* [TO DO]
Working from the records below, repeat exactly the lines starting at the line that contains "MINS STUDIOS Denim Binder Pocket Paper" and ending at the line that contains "Pantalon Évasée Poche Plaquée", inclusive.

[Stored records]
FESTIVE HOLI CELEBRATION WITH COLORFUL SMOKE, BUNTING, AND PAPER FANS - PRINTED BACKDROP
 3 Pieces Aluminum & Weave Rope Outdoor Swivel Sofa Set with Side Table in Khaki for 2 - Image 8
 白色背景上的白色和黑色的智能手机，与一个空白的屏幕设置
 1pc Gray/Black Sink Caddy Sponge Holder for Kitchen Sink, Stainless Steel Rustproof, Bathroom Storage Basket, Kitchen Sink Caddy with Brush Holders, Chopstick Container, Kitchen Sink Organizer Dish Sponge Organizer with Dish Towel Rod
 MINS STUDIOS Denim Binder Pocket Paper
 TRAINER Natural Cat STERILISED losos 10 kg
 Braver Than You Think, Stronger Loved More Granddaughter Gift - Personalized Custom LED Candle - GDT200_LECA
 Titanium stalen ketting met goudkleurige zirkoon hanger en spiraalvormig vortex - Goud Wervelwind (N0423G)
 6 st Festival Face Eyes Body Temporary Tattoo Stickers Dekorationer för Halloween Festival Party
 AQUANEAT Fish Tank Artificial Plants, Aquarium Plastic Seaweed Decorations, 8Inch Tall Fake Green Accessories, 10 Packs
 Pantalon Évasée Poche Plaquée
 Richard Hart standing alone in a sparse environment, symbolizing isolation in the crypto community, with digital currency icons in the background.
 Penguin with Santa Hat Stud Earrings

* [ANSWER TO THIS PROBLEM]
 MINS STUDIOS Denim Binder Pocket Paper
 TRAINER Natural Cat STERILISED losos 10 kg
 Braver Than You Think, Stronger Loved More Granddaughter Gift - Personalized Custom LED Candle - GDT200_LECA
 Titanium stalen ketting met goudkleurige zirkoon hanger en spiraalvormig vortex - Goud Wervelwind (N0423G)
 6 st Festival Face Eyes Body Temporary Tattoo Stickers Dekorationer för Halloween Festival Party
 AQUANEAT Fish Tank Artificial Plants, Aquarium Plastic Seaweed Decorations, 8Inch Tall Fake Green Accessories, 10 Packs
 Pantalon Évasée Poche Plaquée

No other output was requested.